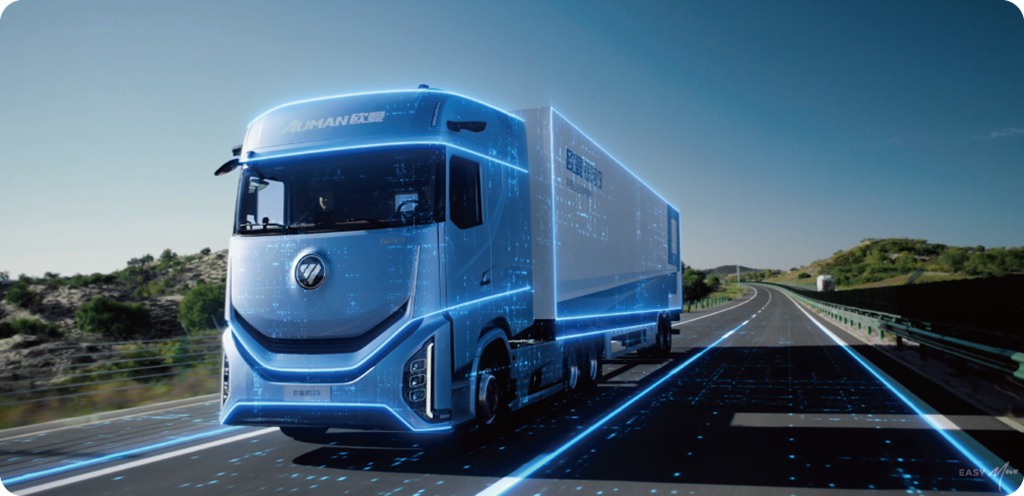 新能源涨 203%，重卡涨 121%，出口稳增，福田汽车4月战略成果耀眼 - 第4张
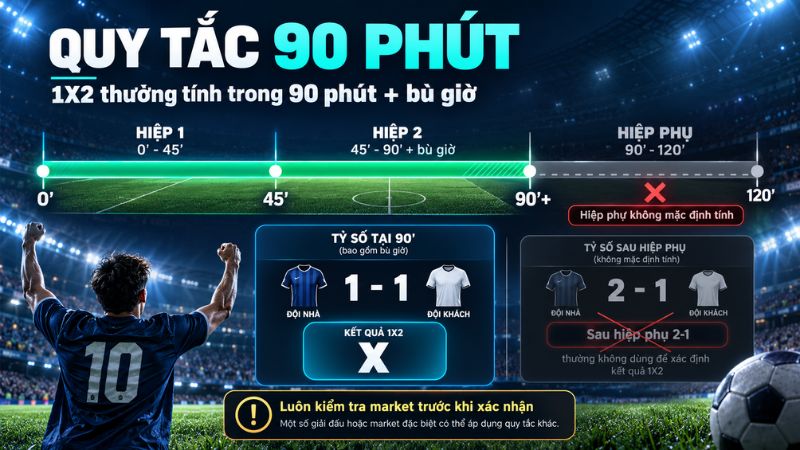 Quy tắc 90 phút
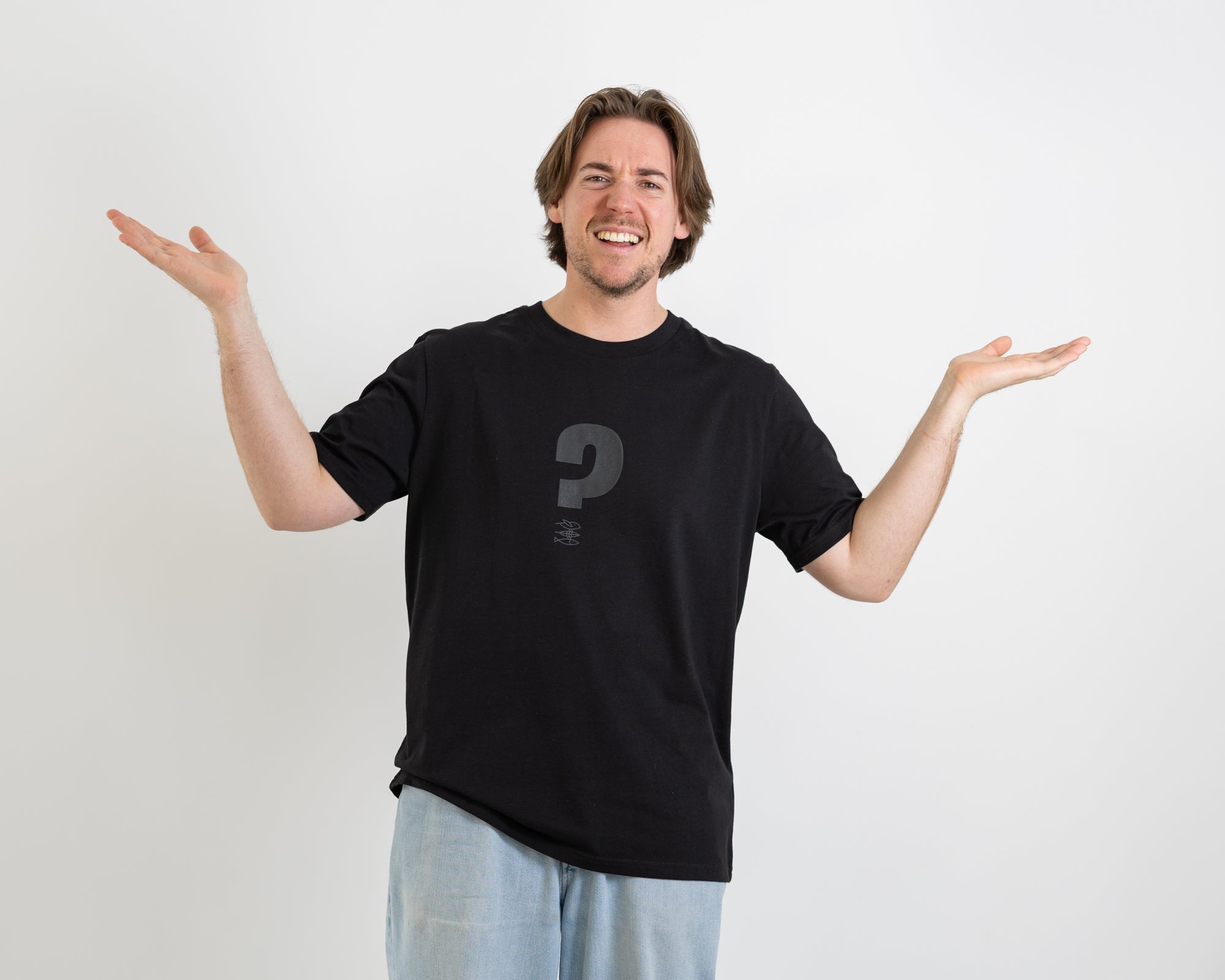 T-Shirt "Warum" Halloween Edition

----

**TASK OBJECTIVE**: Give the listing above again in its entirety and exactly; do not include the pictures.

**REPLY TO THE TASK**:
 新能源涨 203%，重卡涨 121%，出口稳增，福田汽车4月战略成果耀眼 - 第4张
 Quy tắc 90 phút
 T-Shirt "Warum" Halloween Edition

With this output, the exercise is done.